QUITO, Ecuador — Daniel Noboa stunned voters in 2023 when he won a snap election for a 16-month presidency after only a brief stint as a lawmaker and with no established political machinery.
No longer a political neophyte, the conservative millionaire defeated the protegee of Ecuador's most influential recent president for a second time and earned four years in office with Sunday's election victory.
The new term will allow Noboa, 37 and heir to a fortune built on the banana trade, to continue some of his no-holds-barred crimefighting strategies that part of the electorate finds appealing but which have tested the limits of laws and norms of governing.
''A huge hug to all the Ecuadorians who always believed in this young president,'' he told supporters after the National Electoral Council said results showed an ''irreversible trend'' in his favor. ''Ecuador wants to be different... it wants to move forward.''
Only 16 months in office
Noboa opened an event organizing company when he was 18 and then joined his father's Noboa Corp., where he held management positions in the shipping, logistics and commercial areas.
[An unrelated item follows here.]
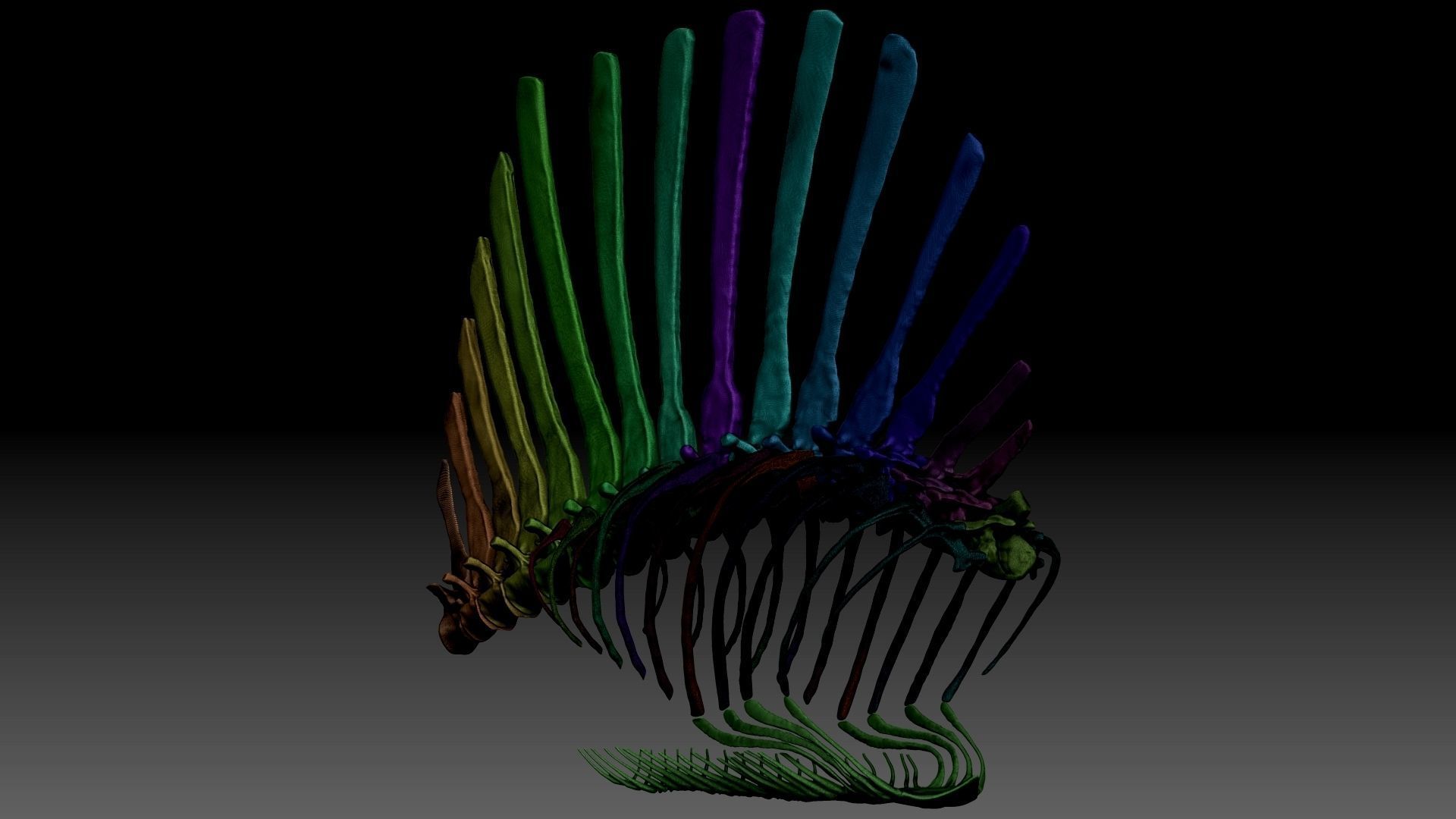 Spinosaurus 2020 version Rib Set Skeletons Sculpt Project 3D model_11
He began his political career in 2021, when he won a seat in the National Assembly and chaired its Economic Development Commission.
Noboa defeated leftist lawyer Luisa González in the October 2023 runoff of a snap election triggered by the decision of then-President Guillermo Lasso to dissolve the National Assembly and shorten his own mandate as a result. Noboa defeated her again in Sunday's runoff election.
Figures released by Ecuador's National Electoral Council showed Noboa receiving 55.8% of the vote with more than 92% of ballots counted, while González earned 44%. However, González, the mentee of former President Rafael Correa, vowed to seek a recount over what she described as ''grotesque'' electoral fraud.